Today, the Federal Highways Administration opened its next round of grants from the Wildlife Crossings Pilot Program, announcing that it will award up to $145 million in FY 2025 and $80 million in FY 2026 in dedicated federal funding for the construction of wildlife crossings as well as research, planning, and design to reduce wildlife-vehicle collisions. Wildlife crossings, including bridges, tunnels, overpasses, underpasses, and culverts, allow animals to cross highways and roads, avoiding the fatal threat of vehicle collisions. 
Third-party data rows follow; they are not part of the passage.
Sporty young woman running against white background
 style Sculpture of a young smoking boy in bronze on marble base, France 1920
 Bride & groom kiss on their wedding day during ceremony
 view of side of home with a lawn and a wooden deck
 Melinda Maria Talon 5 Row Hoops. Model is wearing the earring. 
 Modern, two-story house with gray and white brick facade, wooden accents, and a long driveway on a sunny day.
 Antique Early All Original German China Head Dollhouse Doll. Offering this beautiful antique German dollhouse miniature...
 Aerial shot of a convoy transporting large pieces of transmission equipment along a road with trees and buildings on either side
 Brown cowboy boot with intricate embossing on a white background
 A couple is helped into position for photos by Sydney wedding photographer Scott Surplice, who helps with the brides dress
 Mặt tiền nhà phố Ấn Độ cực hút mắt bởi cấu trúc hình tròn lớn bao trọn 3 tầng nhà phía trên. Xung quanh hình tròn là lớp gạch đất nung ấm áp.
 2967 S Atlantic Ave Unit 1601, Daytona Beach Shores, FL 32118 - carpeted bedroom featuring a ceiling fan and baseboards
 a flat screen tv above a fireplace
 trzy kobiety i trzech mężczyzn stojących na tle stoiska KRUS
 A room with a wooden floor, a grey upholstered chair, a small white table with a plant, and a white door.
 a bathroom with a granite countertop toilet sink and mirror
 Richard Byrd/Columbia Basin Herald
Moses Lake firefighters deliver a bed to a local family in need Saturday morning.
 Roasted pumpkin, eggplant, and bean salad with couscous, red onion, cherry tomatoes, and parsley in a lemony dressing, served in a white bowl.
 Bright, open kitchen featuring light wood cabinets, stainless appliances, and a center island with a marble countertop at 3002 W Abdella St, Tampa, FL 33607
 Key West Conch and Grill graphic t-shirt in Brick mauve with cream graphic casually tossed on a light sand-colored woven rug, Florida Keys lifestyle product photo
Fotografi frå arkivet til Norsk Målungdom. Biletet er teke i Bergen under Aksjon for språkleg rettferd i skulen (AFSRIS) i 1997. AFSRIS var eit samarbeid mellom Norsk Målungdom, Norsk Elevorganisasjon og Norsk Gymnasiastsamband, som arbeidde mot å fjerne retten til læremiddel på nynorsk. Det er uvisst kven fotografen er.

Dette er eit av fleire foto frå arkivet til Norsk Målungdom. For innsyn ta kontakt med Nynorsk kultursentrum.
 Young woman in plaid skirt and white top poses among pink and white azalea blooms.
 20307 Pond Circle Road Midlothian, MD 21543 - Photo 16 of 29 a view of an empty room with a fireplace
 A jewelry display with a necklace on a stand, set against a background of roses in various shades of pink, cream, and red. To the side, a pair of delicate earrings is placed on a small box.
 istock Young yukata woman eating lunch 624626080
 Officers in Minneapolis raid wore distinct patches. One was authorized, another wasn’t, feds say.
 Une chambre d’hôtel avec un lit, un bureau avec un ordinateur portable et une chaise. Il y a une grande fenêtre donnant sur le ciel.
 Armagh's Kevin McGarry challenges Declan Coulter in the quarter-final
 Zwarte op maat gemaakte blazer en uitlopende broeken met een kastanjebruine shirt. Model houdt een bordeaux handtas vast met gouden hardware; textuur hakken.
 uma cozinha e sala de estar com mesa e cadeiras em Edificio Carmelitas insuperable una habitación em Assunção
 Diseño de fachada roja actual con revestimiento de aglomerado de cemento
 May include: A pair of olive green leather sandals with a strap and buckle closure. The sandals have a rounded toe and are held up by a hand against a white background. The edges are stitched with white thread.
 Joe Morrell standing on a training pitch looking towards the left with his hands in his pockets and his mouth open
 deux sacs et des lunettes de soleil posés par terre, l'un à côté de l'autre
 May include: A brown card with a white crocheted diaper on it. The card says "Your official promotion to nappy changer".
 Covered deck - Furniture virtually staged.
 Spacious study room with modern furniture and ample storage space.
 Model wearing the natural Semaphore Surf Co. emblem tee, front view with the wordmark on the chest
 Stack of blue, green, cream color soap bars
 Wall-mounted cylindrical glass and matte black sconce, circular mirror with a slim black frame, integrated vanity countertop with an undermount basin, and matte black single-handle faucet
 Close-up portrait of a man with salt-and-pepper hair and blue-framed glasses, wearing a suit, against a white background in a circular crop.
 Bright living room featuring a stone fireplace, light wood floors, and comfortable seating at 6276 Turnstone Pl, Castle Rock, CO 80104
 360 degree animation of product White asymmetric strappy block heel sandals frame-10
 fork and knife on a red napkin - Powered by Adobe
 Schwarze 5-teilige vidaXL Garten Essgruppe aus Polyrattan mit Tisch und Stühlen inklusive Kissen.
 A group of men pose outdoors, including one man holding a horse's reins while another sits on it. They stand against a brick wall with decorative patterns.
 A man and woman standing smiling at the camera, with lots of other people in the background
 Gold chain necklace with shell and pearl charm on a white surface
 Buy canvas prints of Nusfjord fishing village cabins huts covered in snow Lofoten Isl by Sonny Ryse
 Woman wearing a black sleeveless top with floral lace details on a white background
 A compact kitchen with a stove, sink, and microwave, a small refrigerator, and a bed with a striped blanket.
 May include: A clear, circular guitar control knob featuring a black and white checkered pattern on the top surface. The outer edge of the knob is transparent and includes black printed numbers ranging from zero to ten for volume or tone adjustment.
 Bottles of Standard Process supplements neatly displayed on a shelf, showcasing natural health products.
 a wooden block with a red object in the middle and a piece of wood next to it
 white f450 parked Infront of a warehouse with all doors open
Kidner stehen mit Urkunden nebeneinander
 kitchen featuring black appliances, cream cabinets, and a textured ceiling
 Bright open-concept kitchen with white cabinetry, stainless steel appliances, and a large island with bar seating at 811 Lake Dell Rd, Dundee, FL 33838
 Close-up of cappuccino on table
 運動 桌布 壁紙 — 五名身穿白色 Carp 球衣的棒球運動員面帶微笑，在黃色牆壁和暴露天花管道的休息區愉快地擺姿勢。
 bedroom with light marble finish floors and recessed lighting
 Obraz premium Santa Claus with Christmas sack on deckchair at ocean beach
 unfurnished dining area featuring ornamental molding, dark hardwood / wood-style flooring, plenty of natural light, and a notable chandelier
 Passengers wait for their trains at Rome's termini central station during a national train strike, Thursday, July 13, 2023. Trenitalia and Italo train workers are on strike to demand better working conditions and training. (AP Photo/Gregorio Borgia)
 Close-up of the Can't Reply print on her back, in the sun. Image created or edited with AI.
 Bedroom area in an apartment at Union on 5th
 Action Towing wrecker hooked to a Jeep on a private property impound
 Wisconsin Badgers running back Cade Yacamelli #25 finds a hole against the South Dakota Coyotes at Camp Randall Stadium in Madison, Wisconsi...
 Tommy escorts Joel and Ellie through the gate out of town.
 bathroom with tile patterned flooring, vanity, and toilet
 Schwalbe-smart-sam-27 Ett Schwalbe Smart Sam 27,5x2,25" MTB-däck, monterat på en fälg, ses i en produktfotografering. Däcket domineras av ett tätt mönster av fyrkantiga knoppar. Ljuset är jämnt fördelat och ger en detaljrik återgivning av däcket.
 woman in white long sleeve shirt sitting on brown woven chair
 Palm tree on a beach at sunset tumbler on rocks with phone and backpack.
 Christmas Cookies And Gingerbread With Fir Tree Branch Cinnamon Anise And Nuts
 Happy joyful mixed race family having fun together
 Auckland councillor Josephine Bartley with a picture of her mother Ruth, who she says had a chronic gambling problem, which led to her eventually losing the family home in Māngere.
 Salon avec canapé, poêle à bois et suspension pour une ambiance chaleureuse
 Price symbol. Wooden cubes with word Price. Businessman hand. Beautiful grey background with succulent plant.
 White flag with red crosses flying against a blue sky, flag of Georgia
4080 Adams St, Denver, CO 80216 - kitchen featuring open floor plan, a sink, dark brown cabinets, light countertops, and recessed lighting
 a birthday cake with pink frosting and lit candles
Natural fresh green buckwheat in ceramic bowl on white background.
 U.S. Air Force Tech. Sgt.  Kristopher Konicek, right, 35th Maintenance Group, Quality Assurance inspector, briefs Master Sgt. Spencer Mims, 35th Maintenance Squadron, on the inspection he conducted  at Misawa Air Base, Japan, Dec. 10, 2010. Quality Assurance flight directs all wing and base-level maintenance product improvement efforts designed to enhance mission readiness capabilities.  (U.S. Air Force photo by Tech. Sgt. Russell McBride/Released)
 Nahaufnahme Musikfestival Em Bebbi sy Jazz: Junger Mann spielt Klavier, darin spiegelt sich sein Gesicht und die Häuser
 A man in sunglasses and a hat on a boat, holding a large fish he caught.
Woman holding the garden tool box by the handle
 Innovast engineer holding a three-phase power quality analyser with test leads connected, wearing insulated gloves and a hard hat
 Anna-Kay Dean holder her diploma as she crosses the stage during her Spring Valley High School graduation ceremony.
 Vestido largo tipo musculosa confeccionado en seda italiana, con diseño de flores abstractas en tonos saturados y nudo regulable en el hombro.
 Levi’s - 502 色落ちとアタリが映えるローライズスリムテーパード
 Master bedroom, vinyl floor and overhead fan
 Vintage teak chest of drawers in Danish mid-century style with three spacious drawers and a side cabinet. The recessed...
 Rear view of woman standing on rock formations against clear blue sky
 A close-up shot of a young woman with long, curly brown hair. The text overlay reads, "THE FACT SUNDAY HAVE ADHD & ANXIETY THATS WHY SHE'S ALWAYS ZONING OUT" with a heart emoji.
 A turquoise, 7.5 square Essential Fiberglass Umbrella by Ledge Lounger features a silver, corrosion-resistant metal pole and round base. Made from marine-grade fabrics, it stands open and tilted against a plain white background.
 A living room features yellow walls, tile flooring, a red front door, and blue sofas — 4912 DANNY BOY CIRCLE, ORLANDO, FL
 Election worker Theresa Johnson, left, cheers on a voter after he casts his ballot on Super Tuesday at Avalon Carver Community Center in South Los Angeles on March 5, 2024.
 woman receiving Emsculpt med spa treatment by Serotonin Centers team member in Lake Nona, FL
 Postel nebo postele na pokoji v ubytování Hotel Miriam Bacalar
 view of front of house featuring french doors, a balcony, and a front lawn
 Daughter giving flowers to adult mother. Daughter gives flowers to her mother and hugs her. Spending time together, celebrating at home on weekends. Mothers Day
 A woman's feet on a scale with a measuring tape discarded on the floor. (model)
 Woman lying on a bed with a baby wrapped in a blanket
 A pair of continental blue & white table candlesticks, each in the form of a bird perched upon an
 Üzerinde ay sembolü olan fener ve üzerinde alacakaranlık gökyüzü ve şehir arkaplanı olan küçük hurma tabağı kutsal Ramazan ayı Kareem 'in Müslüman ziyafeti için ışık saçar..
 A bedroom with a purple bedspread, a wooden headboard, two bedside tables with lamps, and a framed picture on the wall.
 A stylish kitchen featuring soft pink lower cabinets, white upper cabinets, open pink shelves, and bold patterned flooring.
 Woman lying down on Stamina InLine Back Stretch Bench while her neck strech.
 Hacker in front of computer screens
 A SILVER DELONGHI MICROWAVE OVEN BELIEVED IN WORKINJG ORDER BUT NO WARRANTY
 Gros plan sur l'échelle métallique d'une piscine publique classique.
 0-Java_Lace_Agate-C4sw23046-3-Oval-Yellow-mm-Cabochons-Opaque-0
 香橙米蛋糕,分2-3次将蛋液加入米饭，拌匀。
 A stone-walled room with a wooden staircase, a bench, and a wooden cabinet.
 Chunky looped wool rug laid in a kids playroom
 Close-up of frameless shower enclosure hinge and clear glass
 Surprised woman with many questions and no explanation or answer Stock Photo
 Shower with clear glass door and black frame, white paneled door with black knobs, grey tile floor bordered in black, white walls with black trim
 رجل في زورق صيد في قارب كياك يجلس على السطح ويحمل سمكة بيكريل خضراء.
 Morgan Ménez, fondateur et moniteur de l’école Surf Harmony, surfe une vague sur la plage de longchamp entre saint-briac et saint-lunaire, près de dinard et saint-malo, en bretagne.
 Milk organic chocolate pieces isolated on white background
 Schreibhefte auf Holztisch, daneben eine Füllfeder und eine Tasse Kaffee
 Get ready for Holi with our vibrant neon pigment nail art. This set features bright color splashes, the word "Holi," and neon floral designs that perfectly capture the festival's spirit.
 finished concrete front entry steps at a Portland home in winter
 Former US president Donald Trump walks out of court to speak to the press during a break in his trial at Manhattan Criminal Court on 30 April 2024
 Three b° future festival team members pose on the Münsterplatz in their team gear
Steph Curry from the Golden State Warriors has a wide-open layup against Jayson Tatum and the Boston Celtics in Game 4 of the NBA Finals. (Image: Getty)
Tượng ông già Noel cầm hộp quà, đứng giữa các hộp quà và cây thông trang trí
“Making roads safer for both wildlife and people is doable; it just takes commitment and investment,” said  Jewel Tomasula, Policy Advisor, Endangered Species Coalition. “The Wildlife Crossings Pilot Program has proven to be popular and has high potential to benefit our country’s most vulnerable species.”

“Allowing wildlife safe passage across roads is one of the most important things we can do to protect biodiversity, especially in the face of a changing climate that will push species to search for new habitats,” said Susan Holmes, Executive Director,  Endangered Species Coalition. “Many threatened and endangered species, such as ocelots, red wolves, and Florida panthers, are directly imperiled by roads.”

A recent study determined roads are a major threat to 29 federally threatened and endangered animal species in Florida alone. Nationally, a 2008 Federal Highway Administration report identified twenty-one threatened and endangered species for which road mortality is among the major threats to the survival of the species. 

In the first round of grant awards from the Wildlife Crossings Pilot Program, two projects are specifically designed to protect endangered wildlife. The U.S. Fish and Wildlife Service will construct underpass crossings for ocelots in the Laguna Atascosa National Wildlife Refuge in Texas. The Confederated Salish and Kootenai Tribes will construct an overpass spanning US Highway 93 within the Ninepipe National Wildlife Management Area in Montana to reduce crash-related mortality for grizzly bears in Montana. States, municipalities, Tribes, and federal agencies are among the eligible grant applicants.